Adoption pour les couples non mariés : l'Assemblée donne son feu vert

Adoption pour les couples non mariés : l'Assemblée donne son feu vert
Adrien Taquet, secrétaire d'Etat à l'Enfance à l'Assemblée le 29 septembre 2020.

publié le vendredi 04 décembre 2020 à 21h20

Mesure phare d'une proposition de loi LREM sur l'adoption d'enfants, la possibilité d'adopter pour les couples non mariés a été votée par l'Assemblée.

C'est sous les applaudissements et à la suite d'un vote à main levée que l'ouverture de l'adoption aux couples non mariés a été adoptée à l'Assemblée nationale, vendredi 4 décembre. 


Malgré l'opposition de la droite, l'Assemblée nationale a adopté cette mesure phare d'une proposition de loi LREM sur l'adoption d'enfants. Le secrétaire d'Etat à l'Enfance Adrien Taquet a rappelé qu'actuellement, l'unique possibilité pour ces couples non mariés est que seul l'un des deux membres adopte l'enfant. 

"En renforçant la filiation aux deux membres du couple, on renforce les droits de l'enfant", notamment en cas de rupture du couple, a-t-il opposé aux arguments de la droite, vent debout contre la mesure d'ouverture.

"Si seul l'intérêt de l'enfant prime, alors il est préférable de lui offrir le plus de garanties possibles" et donc d'en rester à l'adoption pour les seuls couples mariés, a affirmé Thibault Bazin (LR).
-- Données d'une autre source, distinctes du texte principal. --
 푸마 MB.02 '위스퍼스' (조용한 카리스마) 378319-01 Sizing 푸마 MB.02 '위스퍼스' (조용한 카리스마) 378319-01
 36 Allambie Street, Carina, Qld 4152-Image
Son collègue Xavier Breton a critiqué une "conception" de la majorité à l'égard de l'adoption "fondée sur le désir des adultes". "La modernité on s'en fiche": "le mariage offre une sécurité juridique que n'offre ni le Pacs, ni le concubinage", a aussi avancé Emmanuelle Ménard à l'extrême droite. 

Autre disposition cible de la droite: l'article 2 de la proposition de loi prévoit également que les adoptants devront "être en mesure d'apporter la preuve d'une communauté de vie d'au moins un an" (contre deux ans aujourd'hui) ou bien "être âgés l'un et l'autre de plus de 26 ans" (contre 28 ans).
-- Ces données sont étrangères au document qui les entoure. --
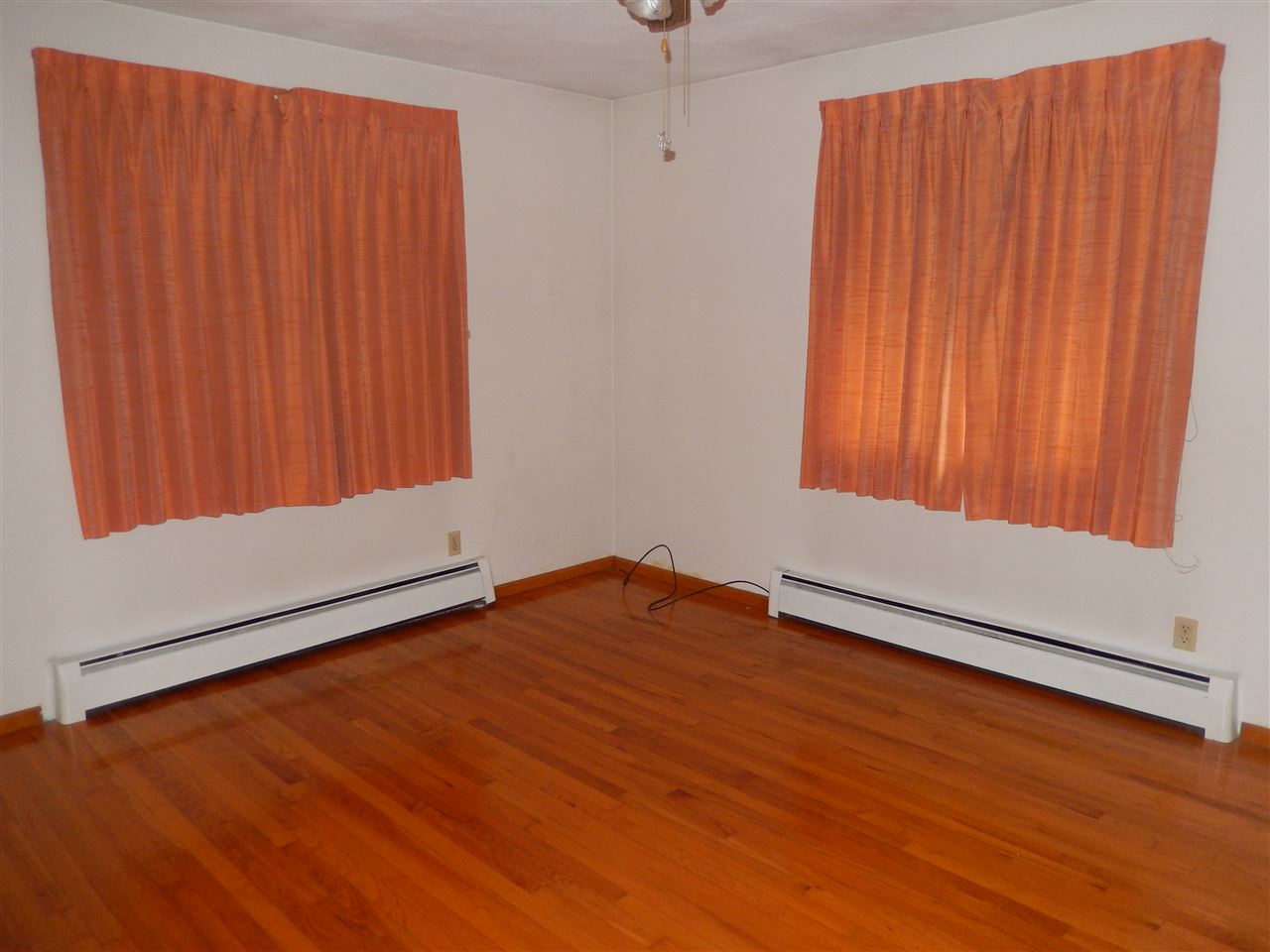 23323 Adams Road South Bend, IN 46628 - Photo 19 of 28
"Un an de vie commune pour prendre une décision d'adoption, c'est un peu léger", a lancé Mme Ménard. Le secrétaire d'Etat a souligné qu'il s'agissait de "planchers" pour pouvoir demander l'agrément en vue d'une adoption, et que la moyenne d'âge des adoptants s'élevait dans les faits à 41 ans.
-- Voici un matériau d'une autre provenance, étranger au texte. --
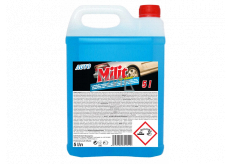 Milit Auto Car Cleaner autočistič 5 l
La rapporteure Monique Limon (LREM) a défendu la position "équilibrée" de la proposition de loi, face également à des amendements de son camp visant à encore abaisser l'âge minimal. 

Le débat sur la filiation des enfants nés par gestation pour autrui (GPA) à l'étranger est revenu brièvement dans l'hémicycle. Le "marcheur" Raphaël Gérard a déploré que "le parent d'intention doive recourir à l'adoption", et demandé de "ne pas discriminer les enfants en fonction de leur mode de conception".

Adrien Taquet a répondu à ce député et à l'ex-LREM Guillaume Chiche, également en pointe, qu'ils n'avaient pas "rendez-vous" pour rouvrir ce débat, déjà tranché dans le cadre de l'examen du projet de loi de bioéthique.